Gilda Snowden

Originally published in Metro Times.

All that Glitters

The main focus of artist Gilda Snowden is documentation, collecting not just her own history, but the history of Detroit and its art community in her work. She says, “If you don’t document, you lose history.” Snowden takes advantage of such social media sites as Facebook and Tumblr and video sites such as YouTube to document her work and its process — as well the work and processes of other artists in Detroit.

Until college, art was never the focus of Snowden’s life. As a child, she liked making art and crafts, but no more than any other child. She is a graduate of Cass Tech High school where she majored not in art but fashion design. Snowden started at Wayne State University in 1972 as a sociology major. She found that she gravitated toward art classes as electives, so much so that after four years she completely changed gears to major in art. She earned her BFA in Advertising Design and Painting, MA in Painting, and MFA in Painting from Wayne State University by 1979, and started teaching for the university that same year. By 1985, she was a professor for the what is now the College for Creative Studies, where she currently teaches.

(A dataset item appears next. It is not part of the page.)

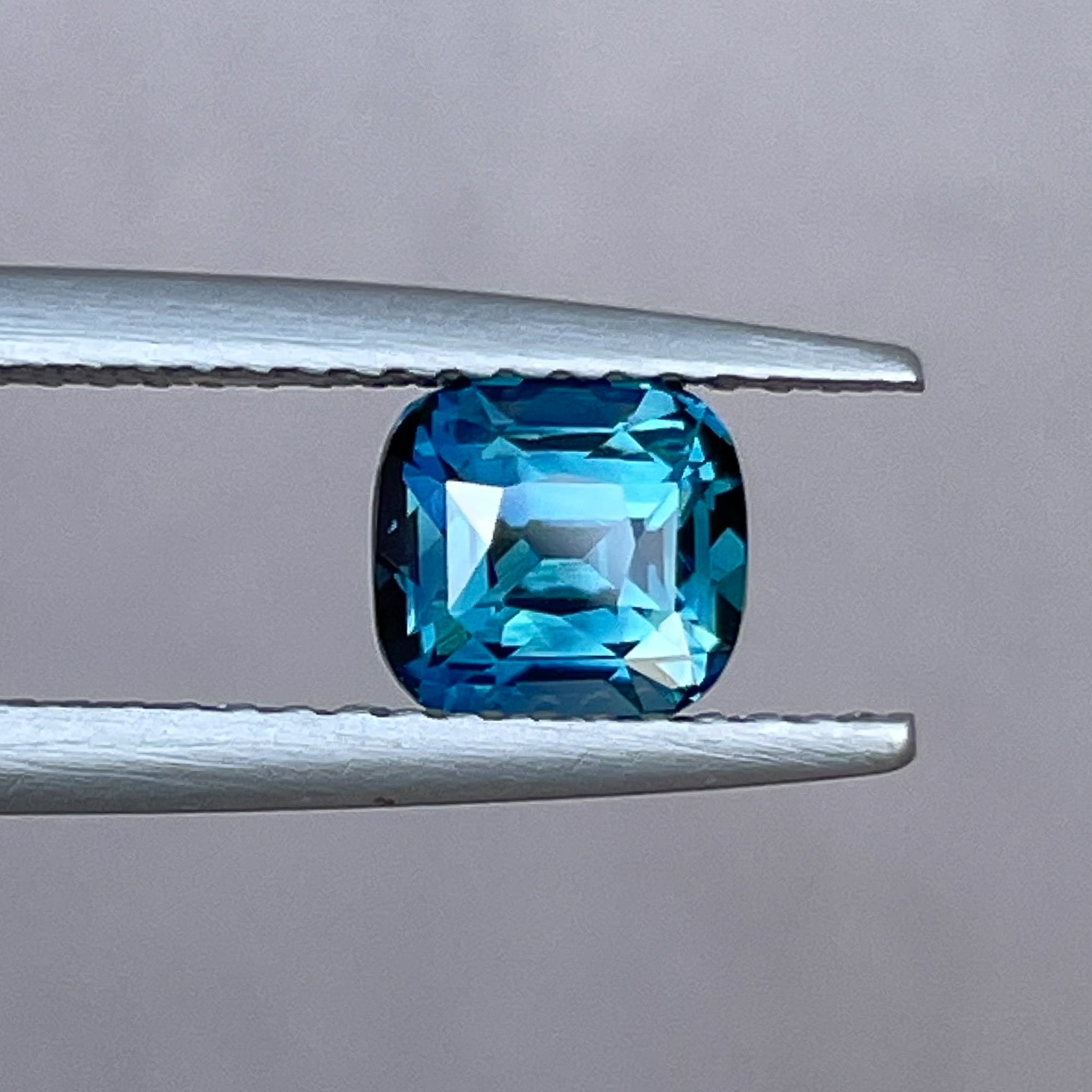 Teal blue sapphire loose cushion cut 1.52 Ct by NASHGEMS, natural no heat sapphire for jewelry or engagement rings.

As a student Snowden was influenced and inspired by Cass Corridor artists, who were working with such unconventional materials as leather, chainsaws, shotguns and barbed wire. And just as she was influenced by her professors, she is now influenced by her students who are also influenced by her. “It’s a dialogue that goes back and forth,” she says.

The series she is currently working on responds to Detroit’s ongoing urban gardening phenomenon. “Urban gardens unite people, when cities seem to be designed to separate people,” she says. She works on multiple paintings at once, adding layer after layer of acrylic and spray paint, always on the floor, she never works with an easel. “I want them to be layered, gritty, grungy, beautiful.”

She says that she chose to paint because she loves the immediacy of it. “I want to see answers immediately.” At the start of her career at Wayne State University, Snowden was creating still lifes and figurative work, but by the time she was a graduate student, her work had become more abstract, “I had to leave still life because it was still,” she says. Instead, kinetic forces of nature, such as storms and tornados, began to influence her work. Even her portraits became more abstract; she created hundreds of self-portraits that went from detailed figures to silhouettes. The DIA has two in its collection.

Though Snowden’s style has changed over her career, from the subjects of her paintings to the materials and media that she uses, the voice of her work is always clearly Gilda. “I reserve the right to work however I want to work from one day to the next.”

See Gilda Snowden’s new collection at a two-person show with her daughter, Katherine S. Boswell, at Cass Café, 4620 Cass Ave., Detroit (opening reception is on Sept. 14), and her solo show, titled Gilda Snowden: Album: A Retrospective, 1977-2010, curated by Dick Goody, opening Oct. 26, at the Oakland University Art Gallery.